It is not uncommon to see a business’s profits or surplus cash invested in GICs or taxable investments. These taxable investments may not always be in business’s best investment option.
If the business or corporation already needs an exempt life insurance policy for key-person insurance, business loan protection or some other business insurance need, the policy could also be used as a vehicle for investing the company’s excess profits.
An exempt, permanent life insurance policy allows for tax-deferred growth of the cash value and tax-free receipt of the proceeds at death. The cash value growth within an exempt policy is not subject to annual accrual taxation and is only subject to tax if there is a disposition of the policy.
Significant cash value can accumulate on a tax-deferred basis if the business deposits the maximum amount permitted by the Income Tax Act into the exempt policy. The deposits can remain within the policy on a tax-sheltered basis and pay for the cost of insurance expenses in future years.
If the corporation or shareholder needs access to the cash at some future date, the policy’s cash surrender value can be accessed through withdrawal or a collateral loan secured against the insurance policy.
Policy withdrawals may trigger some income tax at the time of the withdrawal. Advances to the corporation received as a collateral loan will be tax free and if the proceeds are used to earn income from a business or property, and the other requirements of 20(1)(C) of the Act are met, the interest expense may be deductible for tax purposes.
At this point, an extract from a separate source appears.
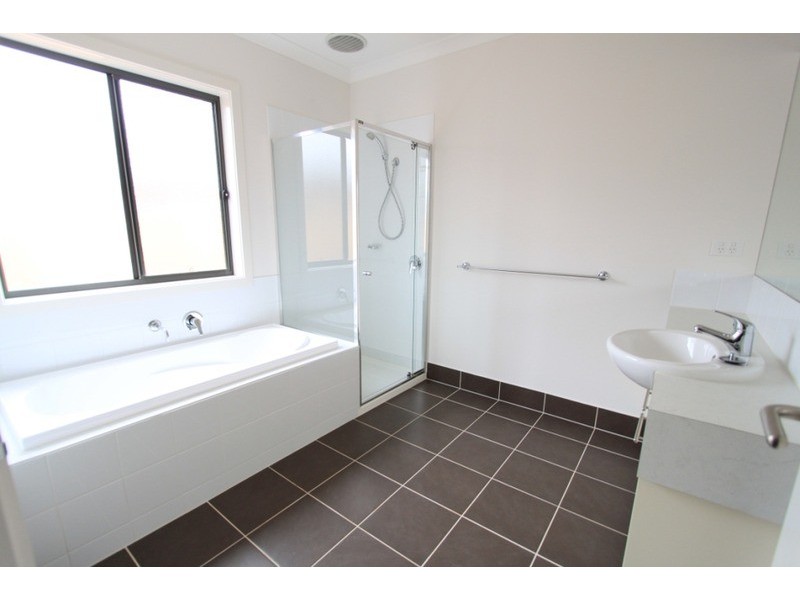 5 Leuca Avenue, Brookfield VIC 3338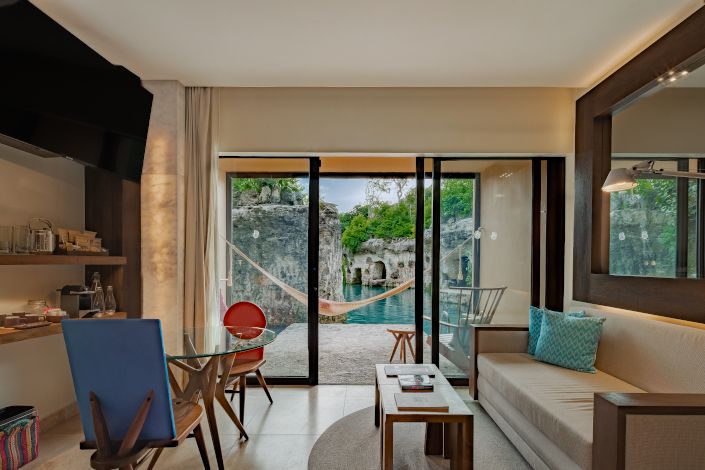 casa-de-los-artistas-exklusiver-luxus-im-hotel-xcaret-arte5..jpg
DISCLAIMER: Please be advised that the information on this web site is intended to present a broad variety of general information as simply and accurately for your knowledge as we possibly can. In no event does this information form part of or apply as a legal document. Therefore, please note that rules, conditions and industry practices discussed may be changed over time. Please consult Health Risk Services Inc. with specific questions
E & O Insurance applies.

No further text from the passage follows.